Mr. Morrell had an onscreen band part in the 1990 movie Daddy’s Dyin’… Who’s Got the Will? directed by Jack Fisk. Also, his music is featured on the soundtracks of the movies Savannah Smiles and True Stories.

Mr. Morrell was most recently living with his lifelong friend and partner, Jody Balfour. Ms. Balfour says that the couple talked a lot about music and Mr. Morrell’s artwork. “His biggest fear was being forgotten,” says Ms. Balfour.

Bert Winston, owner of WR Records, thinks Mr. Morrell’s legacy will be affirmed by seasoned and up-and-coming musicians.

“He was one of the greatest steel-guitar players that has ever been, really,” Mr. Winston said. “I actually think he is probably more admired now than ever.”

Tom Morrell – Innovator of Steel Guitar – Hospitalized

From the Dallas Morning News – Tom Morrell, a Dallas-based prolific steel guitar player is being treated at Baylor University Medical Center at Dallas for emphysema,Mr. Morrell was admitted to the hospital Jan. 21, where he was placed on a ventilator on Tuesday. The ventilator has since been removed.

Mr. Morrell was inducted into the Steel Guitar Hall of Fame, in St. Louis, in 2001. His CD Monkey Bizness is the 13th volume in his “How the West Was Swung” series of Tom Morrell and the Time Warp Tophands albums. For a discography, visit www.westernswing.net.
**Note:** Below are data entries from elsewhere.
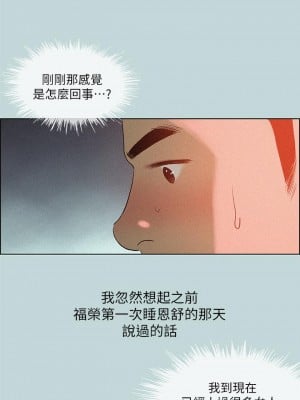縱夏夜之夢 67-68話_67_07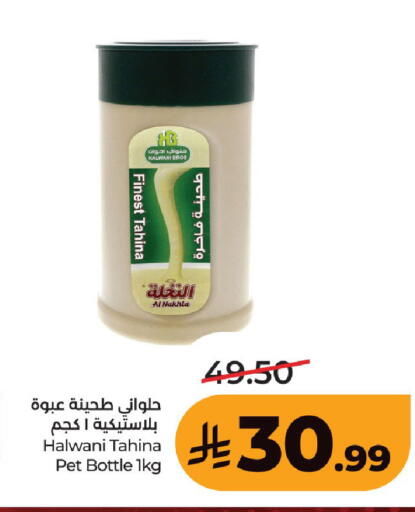 available at لولو هايبرماركت in مملكة العربية السعودية, السعودية, سعودية - حفر الباطن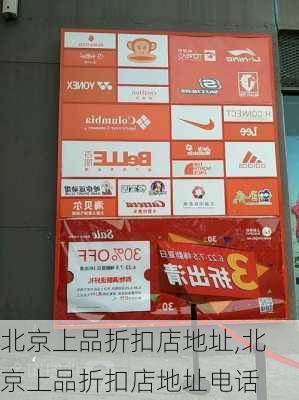 北京上品折扣店地址,北京上品折扣店地址电话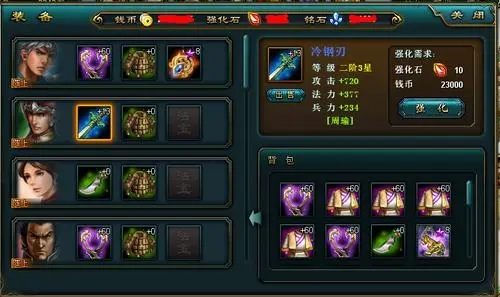 帝王三国将神魂怎么获得2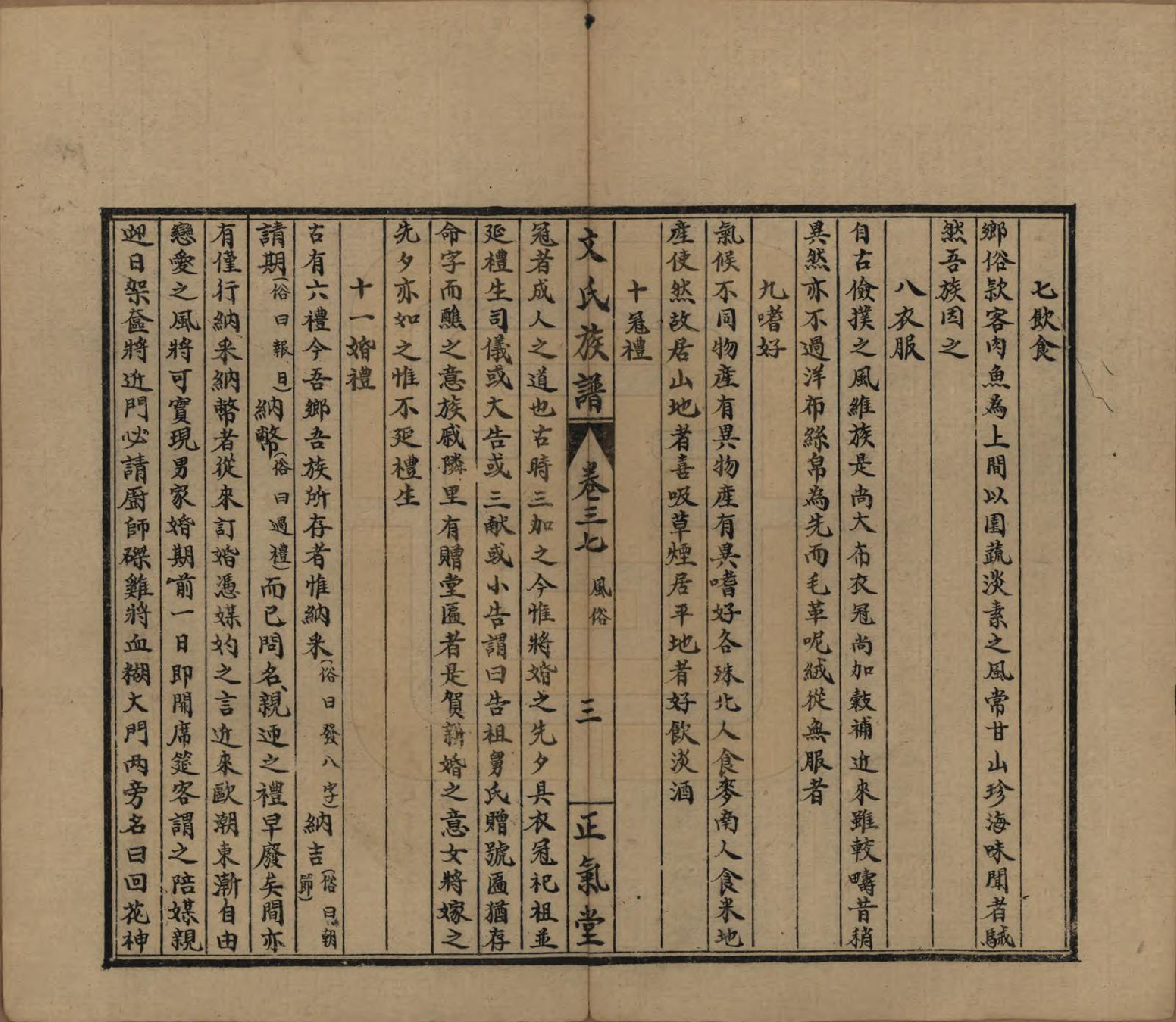 GTJP1637.文.湖南石门.楚南石北文氏族谱.民国三十六年（1948）_037.pdf_第3页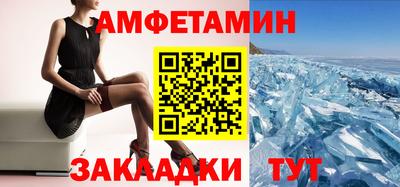 экстази Лесосибирск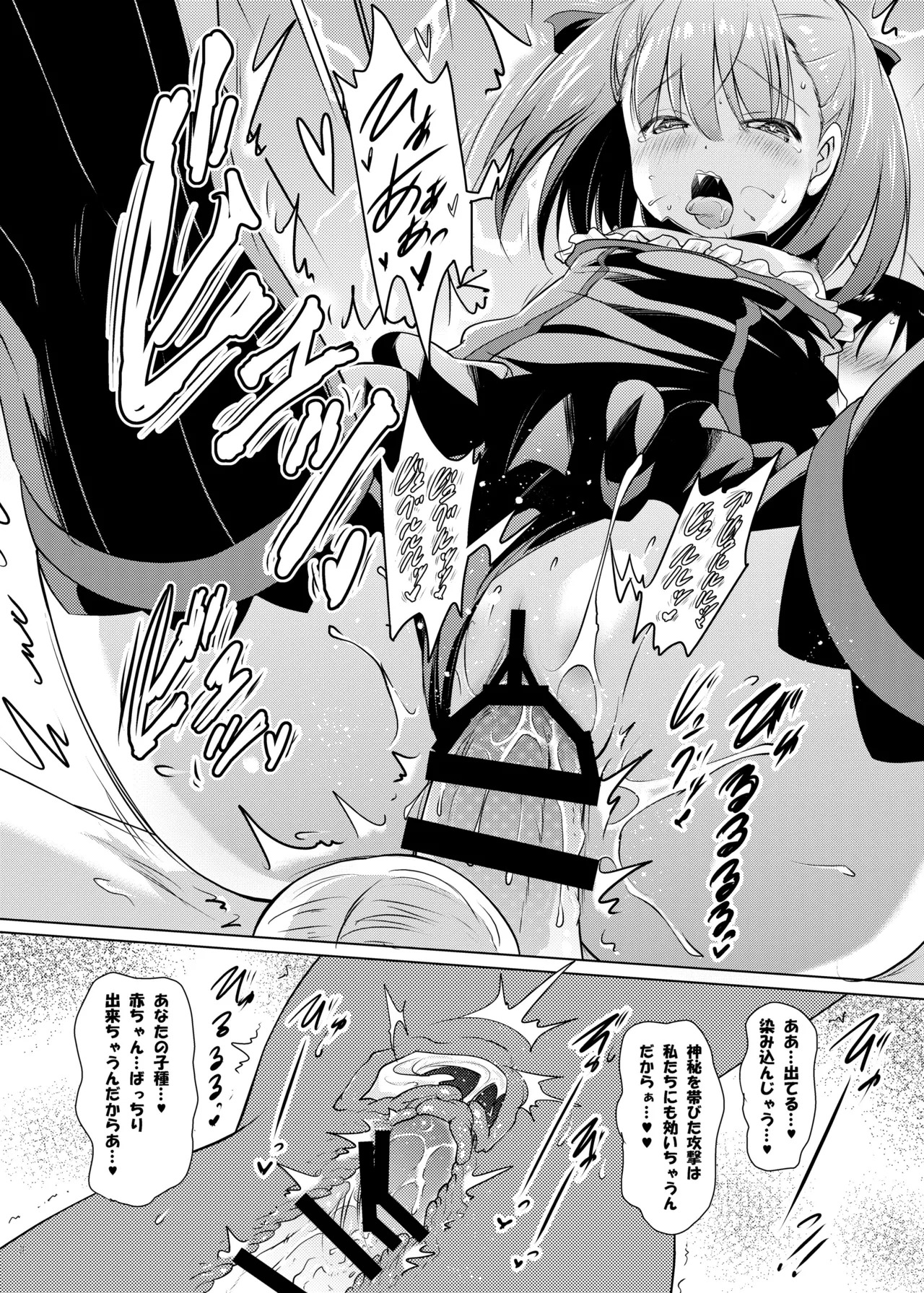 [Syunkan Saidaihusoku (Pony R)] Okuchi Sukebe kara no Noukou Kiss Hame Soushuuhen (Fate/Grand Order) [Digital] - Page 24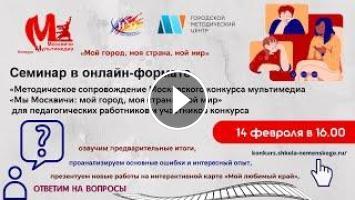 Конкурс мультимедиа мы москвичи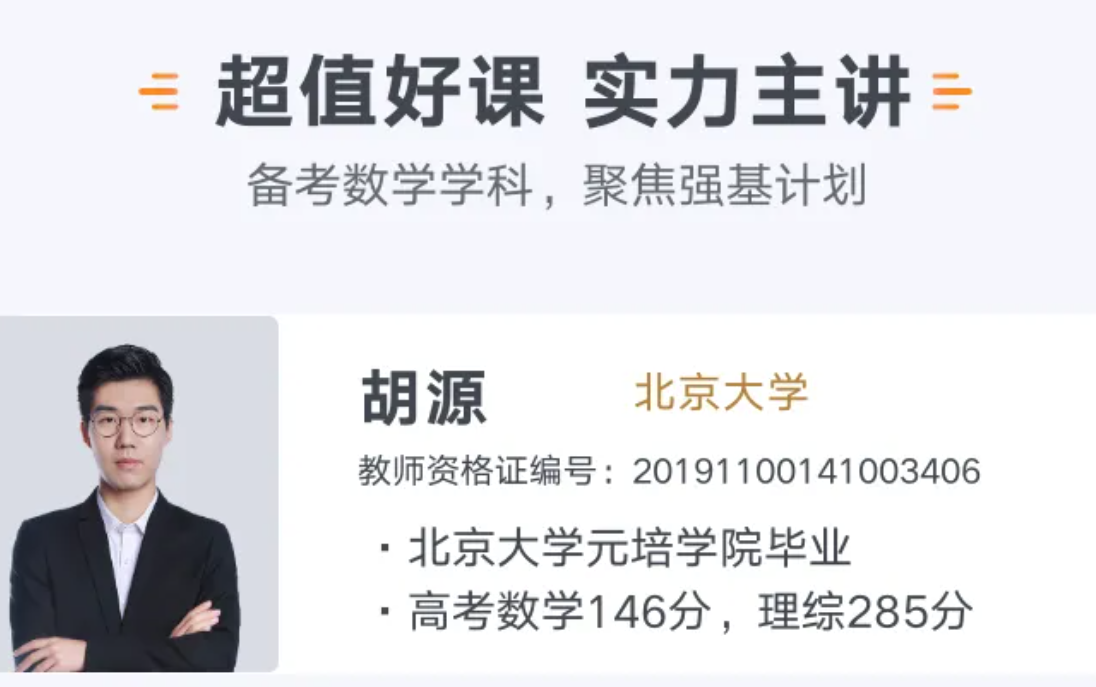 2023高考胡源数学一轮完整课程 二轮三轮复习最新课程(看简介 11.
Leon Rausch, of Bob Wills and the Texas Playboys, hired Mr. Morrell in 1964 to be part of the reorganized Texas Playboys band, after Mr. Wills had left the band.
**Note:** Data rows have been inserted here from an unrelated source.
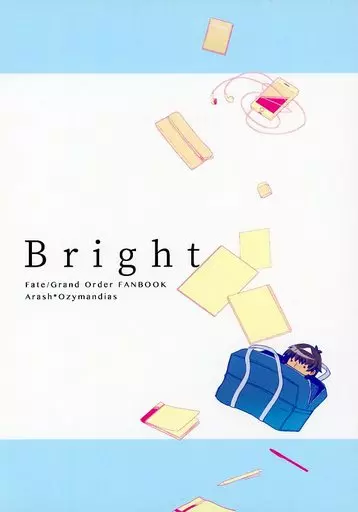 Bright_image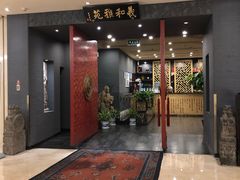 门面-羲和雅苑•北京烤鸭(平安国际金融中心店)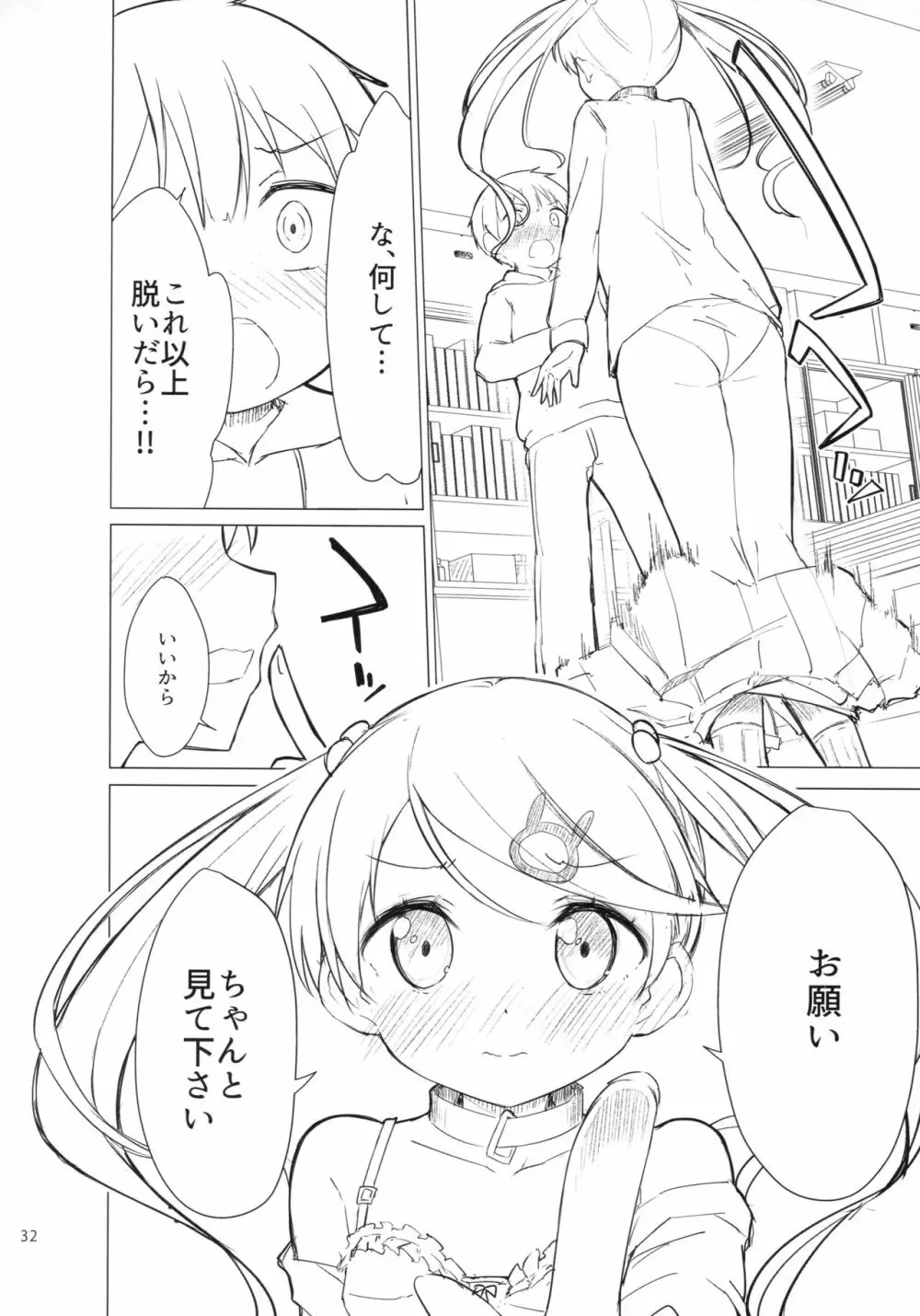 ちじょじょじょ1&2 Page.31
Mr. Rausch, who has played with Mr. Morrell in many other groups and gigs over the years, says fellow musicians consider Mr. Morrell a musical genius. “He’s the man to go to for steel guitar,” he says. “He’s the biggest influence that a lot of us have ever had.”

Albert Talley of the Texas Steel Guitar Association says, “Tom has been a premier player and innovator of steel guitar for the last 50 years.”

Mr. Talley, who organizes the annual Texas Steel Guitar Association Jamboree, says that Mr. Morrell had intended to attend this year’s convention but probably not perform as he usually has.